* YOUR TASK
Nothing but the lines from the one with "Högtidlighållande av modern" through the last line of the entries below should appear in the copy, please, and no pictures.

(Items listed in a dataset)
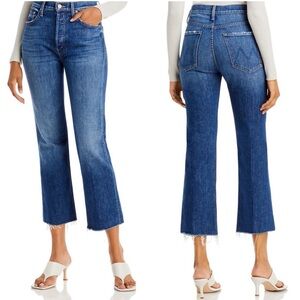MOTHER Blue Frayed Hem Jeans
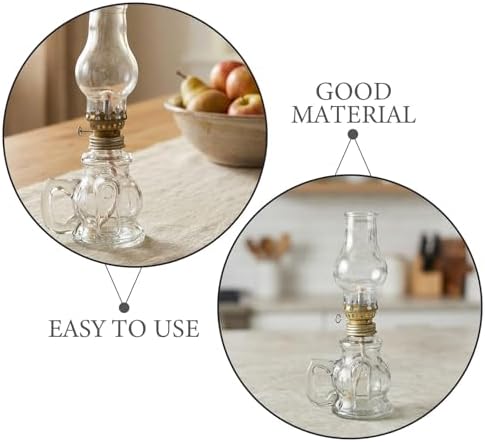 2pcs Vintage Kerosene Lantern with Glass Shade, 100ml Metal Lamp - Image 3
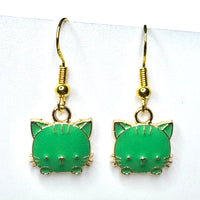 Amy Foxy Style Handmade Earrings - Little Cat Face Charms with Golden Hooks: Green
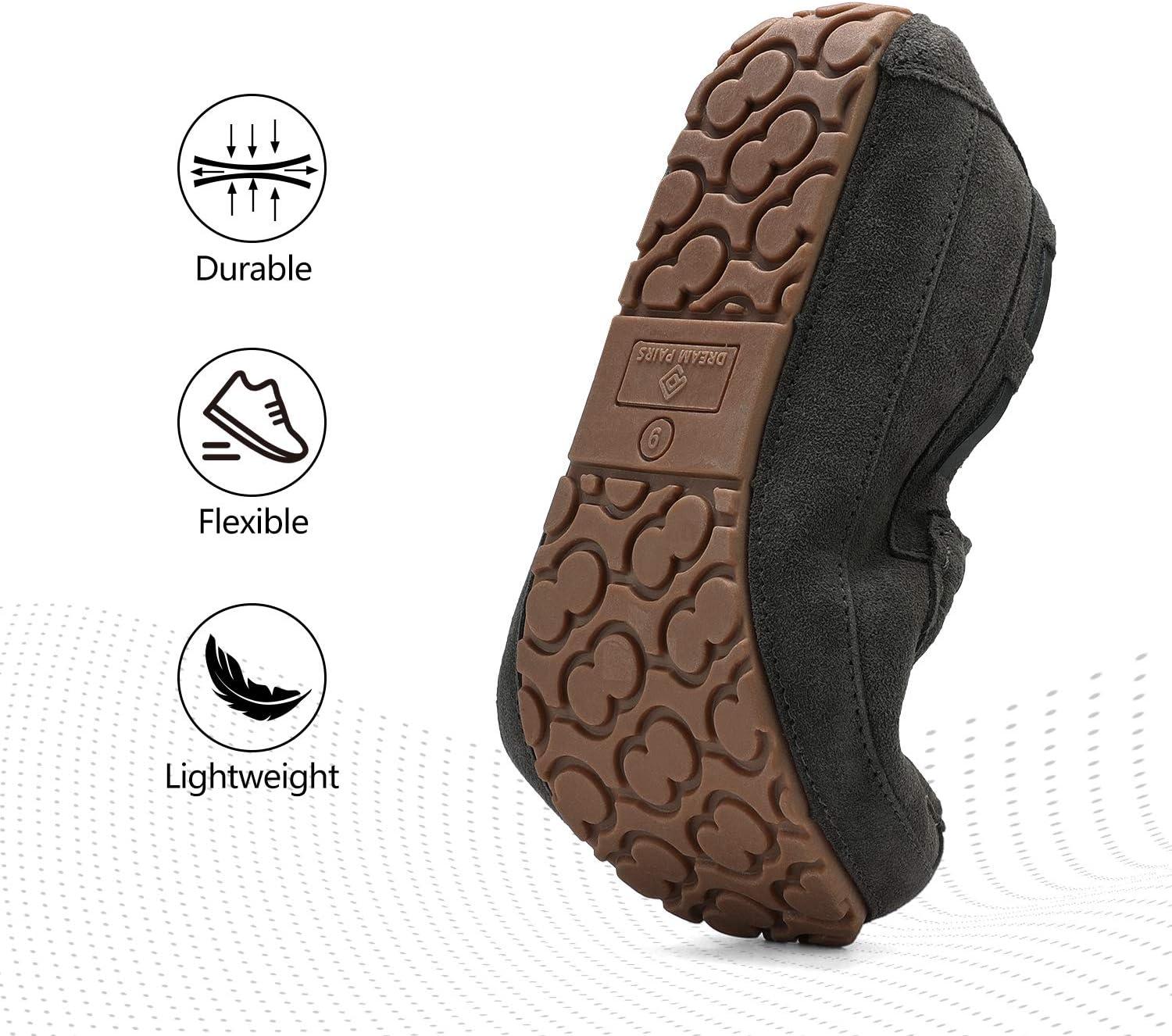 imageDREAM PAIRS Mens House Slippers Moccasin Indoor Outdoor Fuzzy Furry Loafers Suede Leather Warm Comfortable Shoes02grey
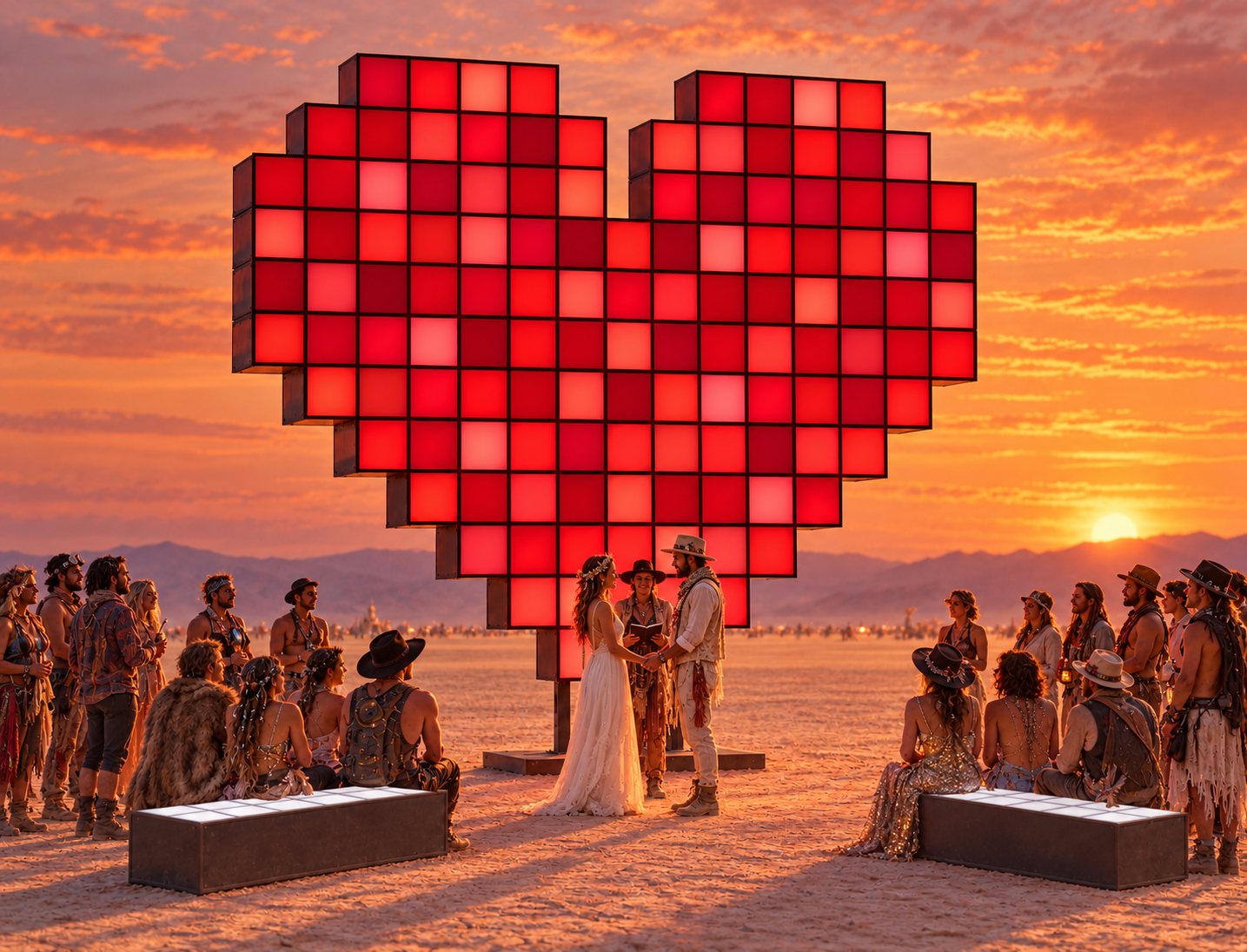 The heart glowing red at sunset, a wedding ceremony in front of it with friends on the benches.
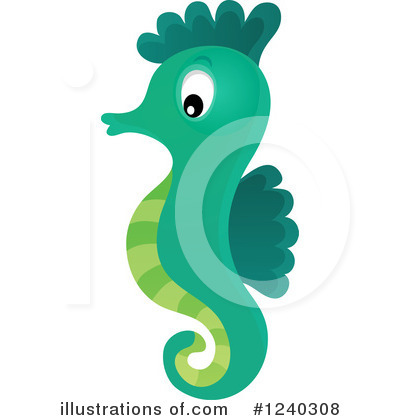 Royalty-Free (RF) Seahorse Clipart Illustration by visekart - Stock Sample #1240308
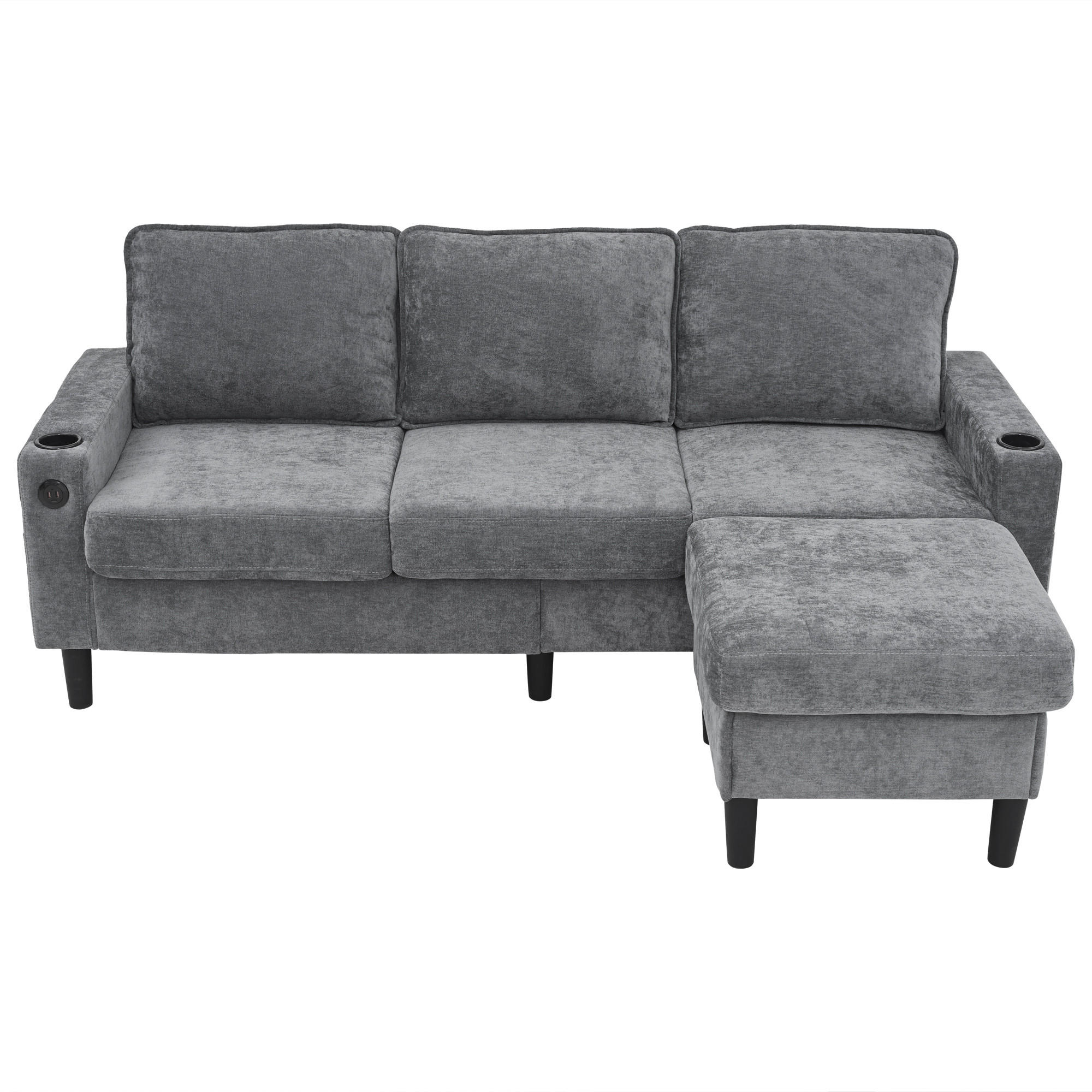 Oxeza Ecksofa Grau 202x137 cm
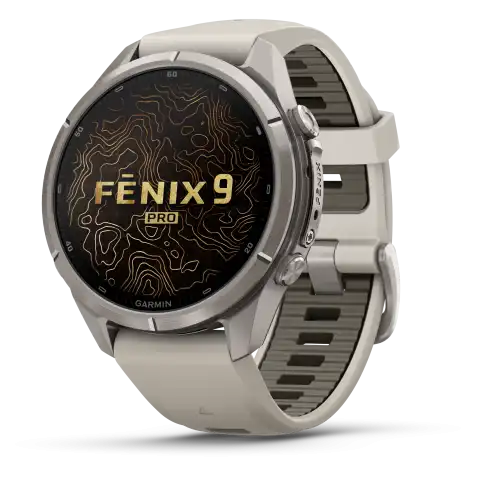 Garmin fēnix 9 Pro AMOLED inReach 43 mm, zafír számlap – natúr titán / ködszürke szilikonszíj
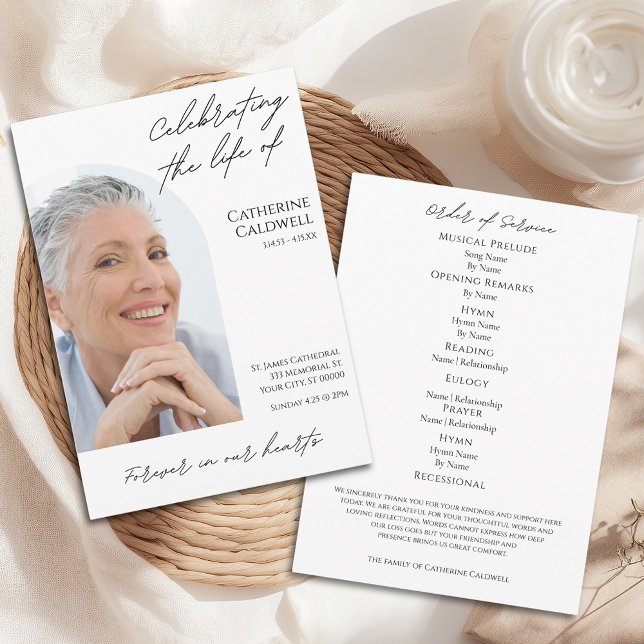 Högtidlighållande av modern Arch-fotobegravningens Program (Celebrating the Life Of Modern Arch Photo Funeral Program)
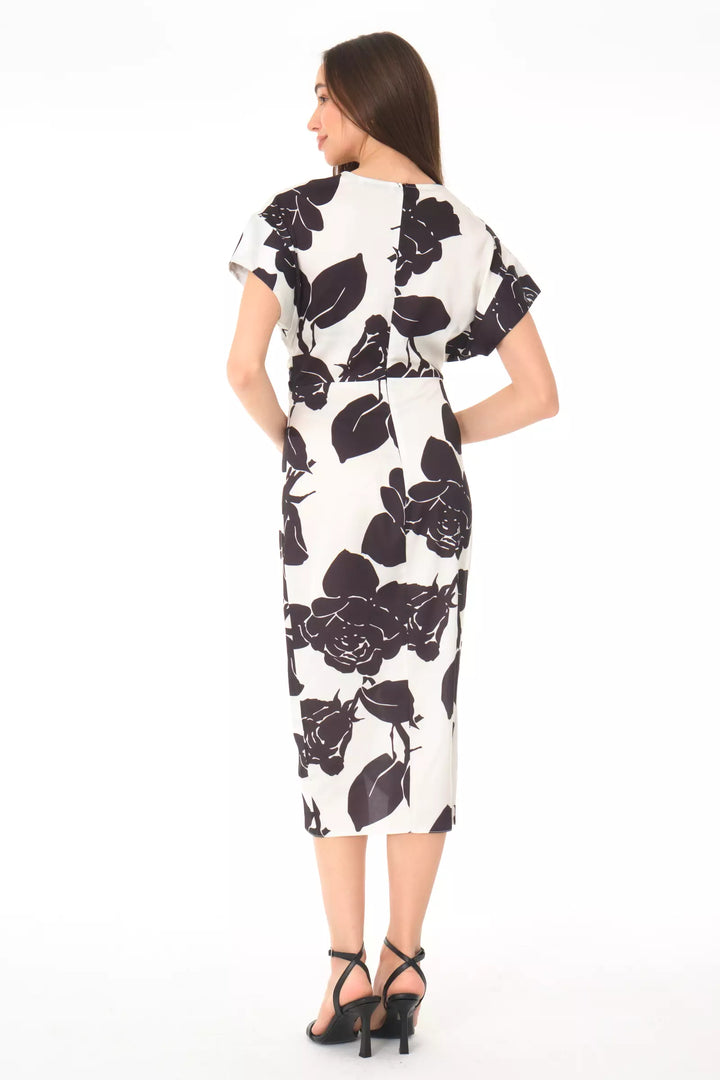 FRV Printed satin short sleeve midi dress - Hamburg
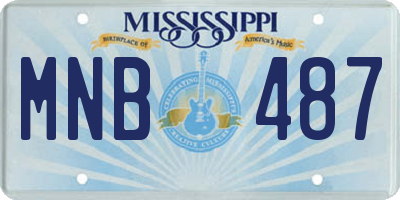 MS license plate MNB487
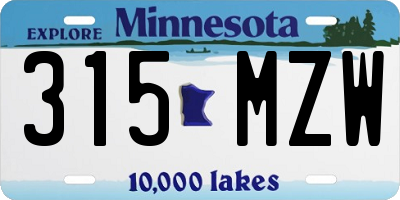MN license plate 315MZW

* RESULT
 Högtidlighållande av modern Arch-fotobegravningens Program (Celebrating the Life Of Modern Arch Photo Funeral Program)
 FRV Printed satin short sleeve midi dress - Hamburg
 MS license plate MNB487
MN license plate 315MZW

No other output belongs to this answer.